*PROBLEM STATEMENT*. The range runs from the line containing "Original U.S. WWII" to the last line of the entries. Restate those lines word for word, without the pictures.

Web page caption snippets:

————————

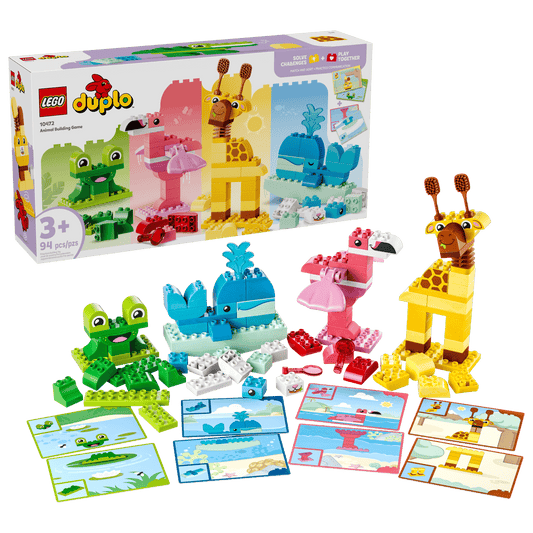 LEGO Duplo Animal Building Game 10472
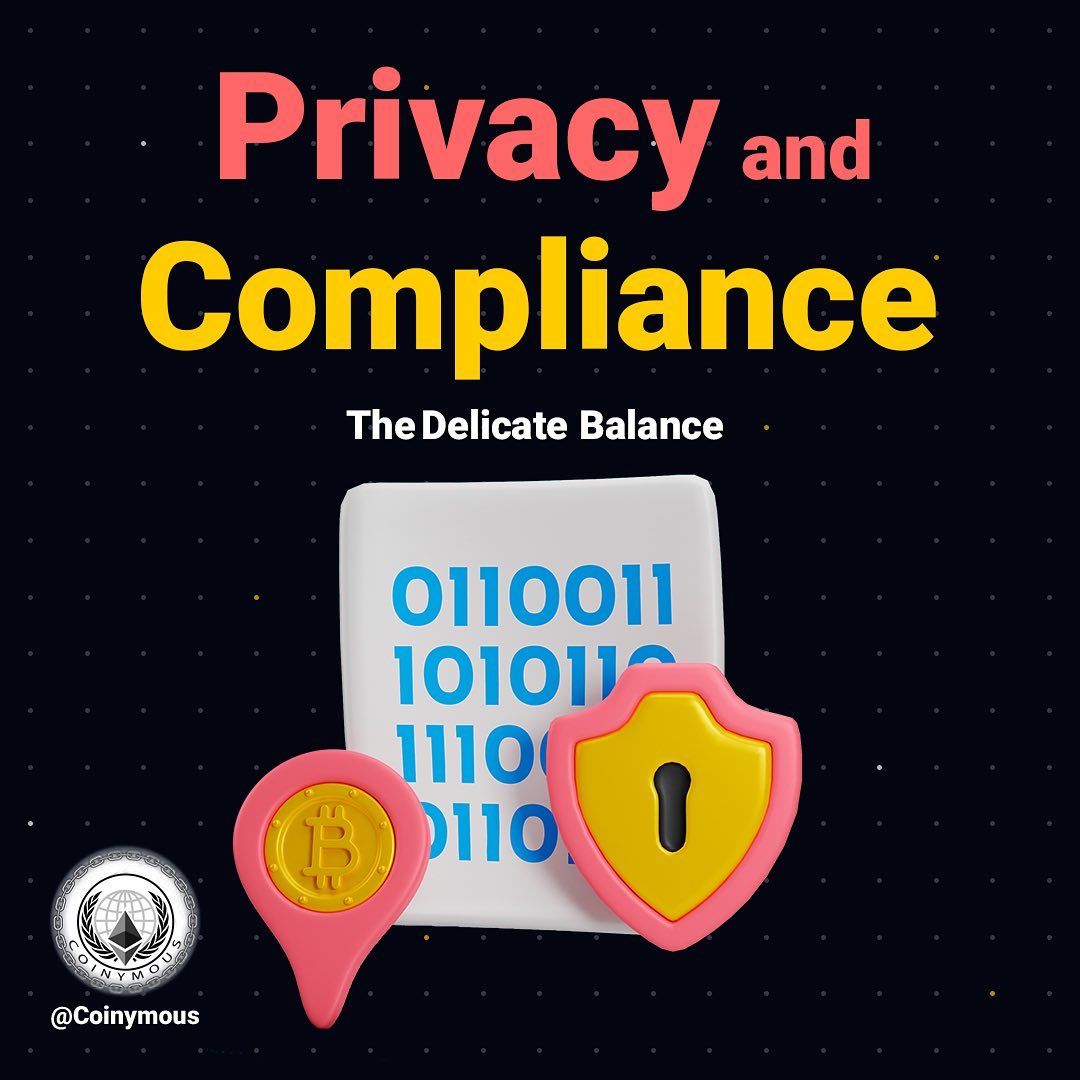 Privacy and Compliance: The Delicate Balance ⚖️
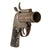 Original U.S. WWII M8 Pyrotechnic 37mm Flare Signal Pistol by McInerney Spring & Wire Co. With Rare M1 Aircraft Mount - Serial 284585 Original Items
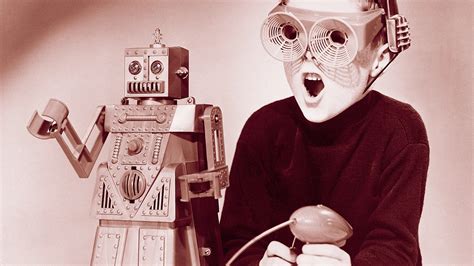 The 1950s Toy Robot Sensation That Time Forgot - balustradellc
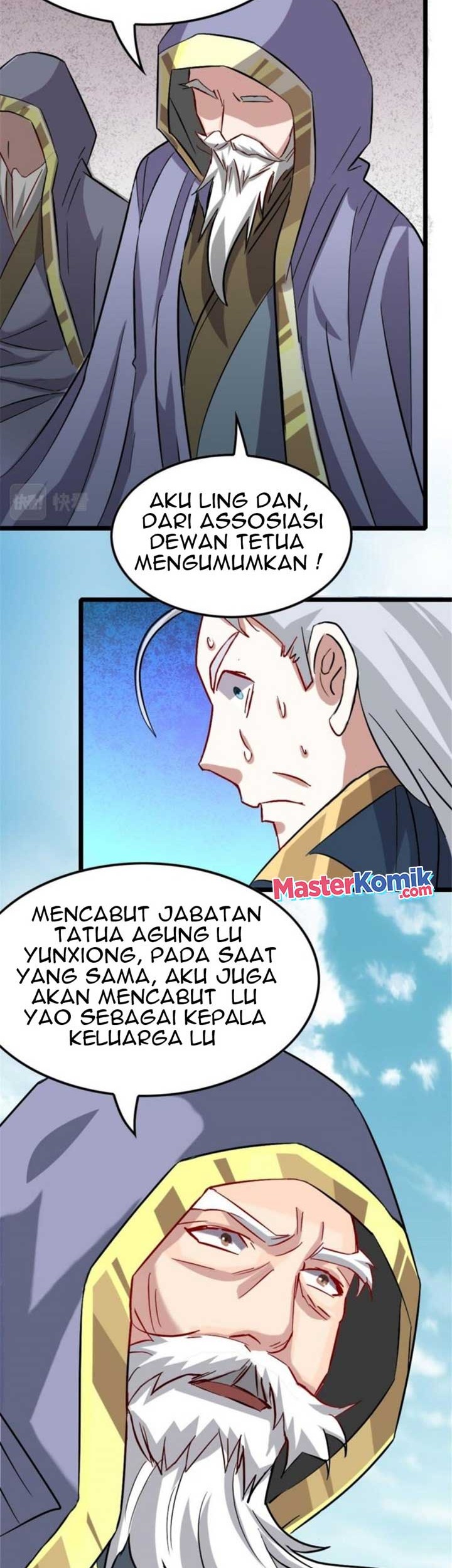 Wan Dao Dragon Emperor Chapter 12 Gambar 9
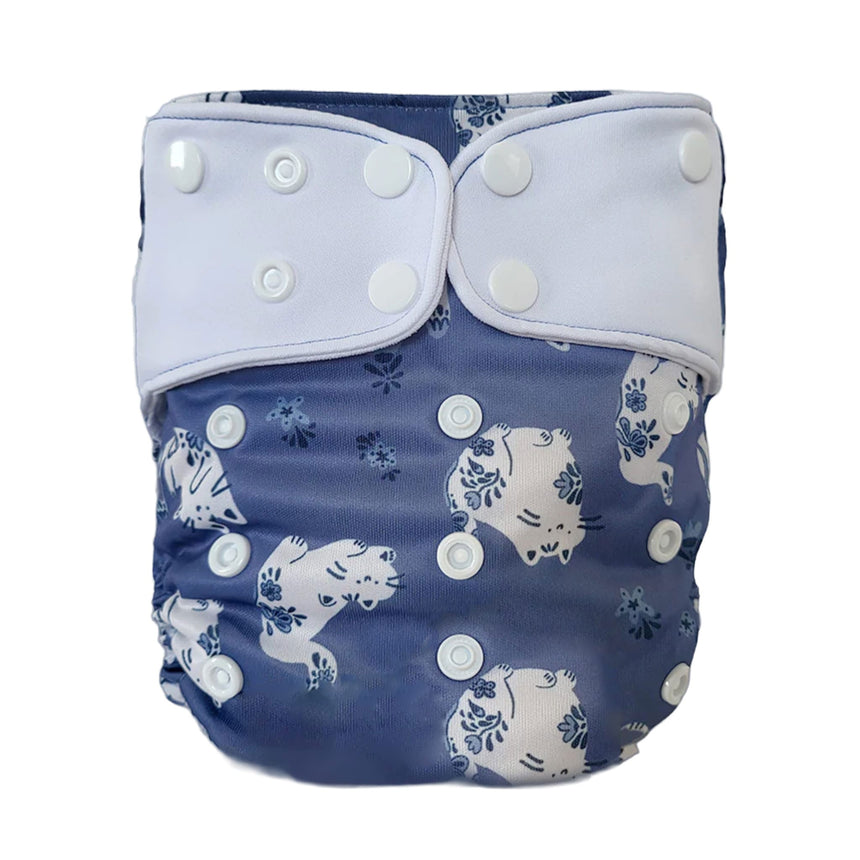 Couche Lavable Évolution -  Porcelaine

————————

*RESPONSE BOX*.
 Original U.S. WWII M8 Pyrotechnic 37mm Flare Signal Pistol by McInerney Spring & Wire Co. With Rare M1 Aircraft Mount - Serial 284585 Original Items
 The 1950s Toy Robot Sensation That Time Forgot - balustradellc
 Wan Dao Dragon Emperor Chapter 12 Gambar 9
 Couche Lavable Évolution -  Porcelaine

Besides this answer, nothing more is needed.